SyMfonia Serc, przypomnijmy, to prowadzona od kilku lat w Polsce akcja imprez kulturalno-charytatywnych, mających wesprzeć zarówno działania Polskiego Towarzystwa Stwardnienia Rozsianego, jak też osób dotkniętych tą chorobą.
– W tym roku chcielibyśmy poprowadzić ten koncert pod hasłem tysiąca twarzy tej choroby. Będziemy zbierać pieniądze, żeby ulżyć chorym. W tej sytuacji liczę na państwa pomoc – mówił na rozpoczęcie Tomasz Kammel. A potem dla obecnych w Sali Koncertowej zagrał zespół Bene. W przerwie koncertu przeprowadzono licytację przedmiotów podarowanych przez ludzi świata religii, polityki i kultury. Dochód z licytacji wspomoże działania na rzecz chorych. A w tej kwestii jest sporo do zrobienia i nadrobienia. – Czujemy się wykluczeni. Nie mamy narodowego planu leczenia, nie mamy nawet centralnego rejestru chorych, który pozwoliłby powiedzieć ilu ludzi choruje na tę straszną chorobę – mówi Helena Kładko, wiceprezes radomskiego oddziału Polskiego Towarzystwa Stwardnienia Rozsianego.

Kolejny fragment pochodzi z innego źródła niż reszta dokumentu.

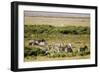 Kenya, Amboseli National Park, Group of Zebras-Anthony Asael-Framed Photographic Print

A wracając do licytacji. W sumie zebrano ponad 22 tys. zł. Najwyższą sumę, 1700 zł, osiągnął podarowany przez bp. Henryka Tomasika obraz Matki Bożej Ostrobramskiej. Ordynariusz od początku wspiera działania Towarzystwa. – Koncerty tego typu, takie spotkania są wymianą darów duchowych. One pokazują Polaków od tej dobrej strony, od strony wrażliwości, gotowości pomocy i solidarności. Myślę, że przede wszystkim trzeba wyrazić wdzięczność wszystkim, którzy troszczą się o potrzebujących. A tym osobom, które są doświadczone tą chorobą chcę powiedzieć, że nie są sami. Tym osobom życzę hartu ducha i obdarowywania dobrem w miarę własnych sił – mówił bp Henryk.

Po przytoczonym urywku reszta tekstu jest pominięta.